Pejabat WHO menjelaskan, ini adalah proses normal dan alami yang dilalui semua virus.

“Yang penting perlu diingat bahwa meski virus sudah berubah, tetap saja mengarah SARS-CoV-2 dan tindakan serta intervensi yang ada tetap berjalan dan harus dilaksanakan,” kata Barrett.

Dia menambahkan semua tindakan kesehatan masyarakat dan sosial yang penting yang telah terbukti efektif harus dilanjutkan.

"Hal-hal yang telah Anda lakukan selama setahun terakhir, pengujian, isolasi, perawatan kasus, pelacakan kontak, karantina kontak kasus, tetapi juga tindakan perlindungan pribadi Anda, seperti kebersihan tangan, jarak fisik, dan ventilasi dalam ruangan masih sangat penting dilakukan," kata ilmuwan Inggris.

 

Bagaimana dengan Pandangan Lembaga Eijkman?

Kepala Lembaga Biologi Molekuler Eijkman Amin Soebandrio mengatakan, varian virus corona terbaru dari Inggris belum mengganggu kinerja vaksin Covid-19 yang ada. 

Sejauh pengamatan yang dilakukan oleh peneliti di dunia, vaksin sekarang masih bisa efektif untuk digunakan.

Sebelumnya, mutasi virus terjadi di protein S namun bukan di receptor binding domain (RBD) atau bagian ujung yang menempel pada sel manusia. 

Pada mutasi yang terjadi di Inggris, sudah terjadi mutasi di RBD namun masih belum berpengaruh terhadap kinerja vaksin.

"Pada mutasi yang baru ini, sudah terjadi di RBD, tapi hanya beberapa poin yang belum sampai mengubah struktur maupun sifat antigennya.

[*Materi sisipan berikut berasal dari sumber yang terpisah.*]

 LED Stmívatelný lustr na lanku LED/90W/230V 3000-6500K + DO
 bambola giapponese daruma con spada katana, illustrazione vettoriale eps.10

Sehingga, sejauh ini belum mengganggu kinerja vaksin," kata Amin, dalam telekonferensi, Kamis (24/12) sore.

Amin menjelaskan, virus varian baru ini kelihatannya tidak terpengaruh dengan kondisi geografis. 

Sebab, virus varian baru pertama kali terdeteksi di Inggris, namun tetap bisa hidup di satu kasus yang terjadi di Singapura dan kasus lainnya di Australia.

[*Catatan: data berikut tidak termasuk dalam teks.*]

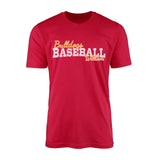 custom baseball mascot and baseball player name on a mens t-shirt with a white graphic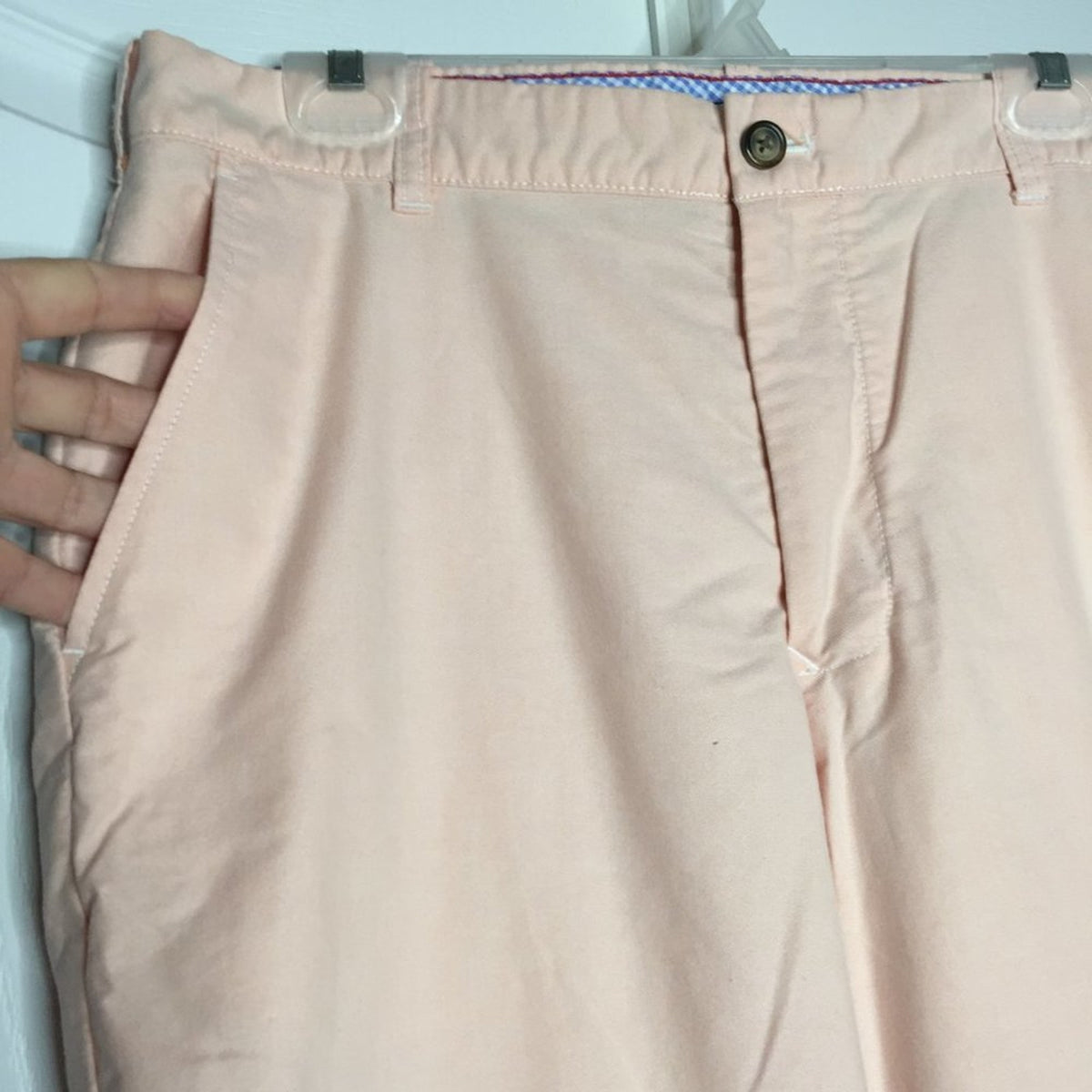 IZOD Performance cOTTON Straight Dress Pant Comfort Flat Front Salmon golf 36/30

Terkait hal ini, Amin berpesan agar Indonesia tetap berhati-hati dan waspada terhadap masuknya virus ini. 

"Karena virus itu tidak mengenal musim, tidak mengenal geografis," kata dia menegaskan.

Ia meminta agar masyarakat tidak panik dengan adanya virus corona varian baru ini. 

Menurutnya, keberadaan virus varian baru ini harus diterjemahkan menjadi upaya untuk meningkatkan kemampuan mendeteksi virus corona.

Selain itu, keberadaan virus ini di negara tetangga Indonesia harus disikapi dengan memperketat penjagaan. Jangan sampai virus varian baru ini masuk ke Indonesia dengan mudah.